La familia almorzaba junta. Los fines de semana siempre intentaban pasar tiempo unidos. Antes jugaban a juegos de mesa, hacían viajes, paseaban en bicicleta, caminaban, visitaban museos... Román Vasílievich siempre trabajaba mucho, pero los fines de semana los dedicaba exclusivamente a la familia. Nada de teléfonos ni de asuntos de trabajo.
—Hijos —se dirigió a ellos Román Vasílievich. Él nunca hacía distinciones entre Max y Serguéi, y consideraba a Valentín como un hijo más; tal vez no de sangre, tal vez un erizo espinoso, pero estaba orgulloso de él, le daba consejos y también lo amaba. Valentín no llamaba «papá» a Román Vasílievich porque recordaba a su propio padre, que había fallecido cuando él tenía siete años. Valentín tenía recuerdos muy vivos, gratos y cálidos de su padre. Román Vasílievich no presionaba y respetaba la decisión de Valentín de vivir solo y mantenerse un poco al margen de la familia.
Sin embargo, para todos los conocidos, Valentín no solo era el amigo íntimo de Máxim, sino que lo consideraban un miembro más de los Veliky.
—Hijos, quiero comunicarles algo —empezó Román Vasílievich, tomando a su esposa de la mano. Siempre lo hacía cuando buscaba su apoyo; ese gesto le daba fuerzas y confianza—. He decidido postularme como diputado. Mi candidatura ha sido respaldada. Esto será beneficioso para el negocio y abrirá nuevas perspectivas.

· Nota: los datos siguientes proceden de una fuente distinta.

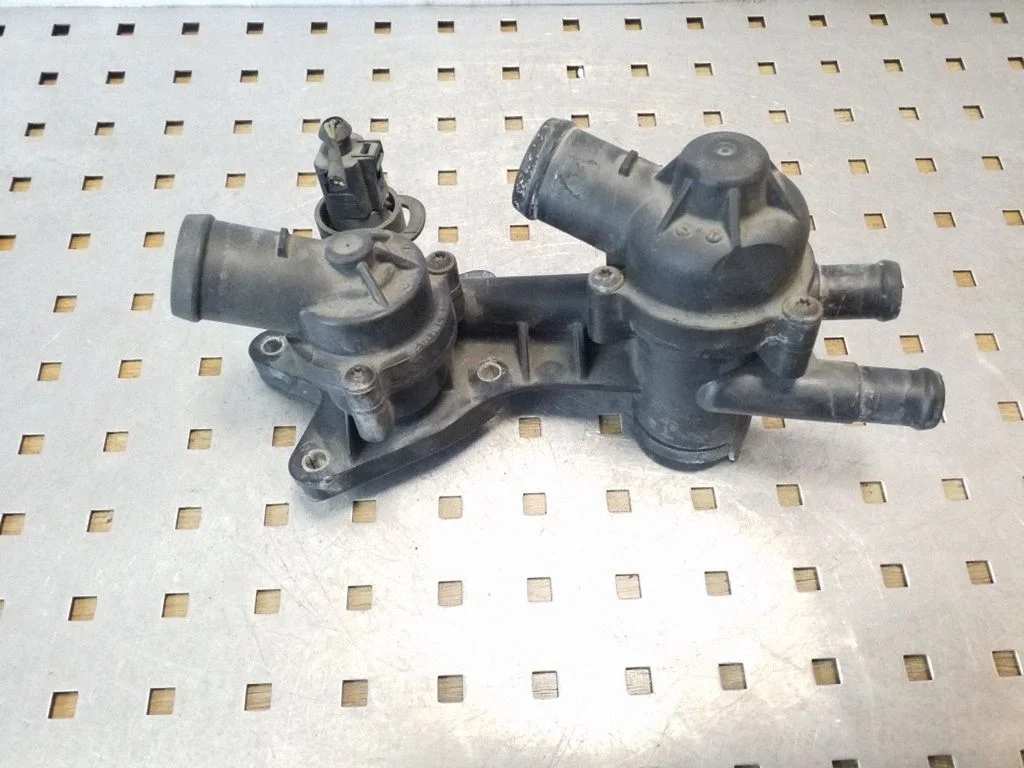 Termostat / obudowa termostatu 03C121118C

—¡Felicidades, papá! —se alegró Serguéi.
—¿Y en qué nos va a afectar a nosotros? ¿Vas a tener que trabajar aún más? —preguntó Max. Sabía perfectamente que el estatus de diputado exigía no solo gastos materiales, sino también mucho tiempo.
—Nada de escándalos. Solo eventos positivos, apoyo a diversos sectores y mecenazgo —declaró el hombre.
—Bueno, de por sí ya ayudas a muchas instituciones y personas. Solo que ahora tocará hacerlo público. A menudo, la ayuda deja de ser ayuda y se convierte en pura publicidad cuando se empieza a pregonar a los cuatro vientos —comentó Máxim. No le hacía ninguna gracia la idea de la diputación. Max sabía que esa idea se la estaba metiendo en la cabeza el padre de Mónica... ¡Y eso no auguraba nada bueno!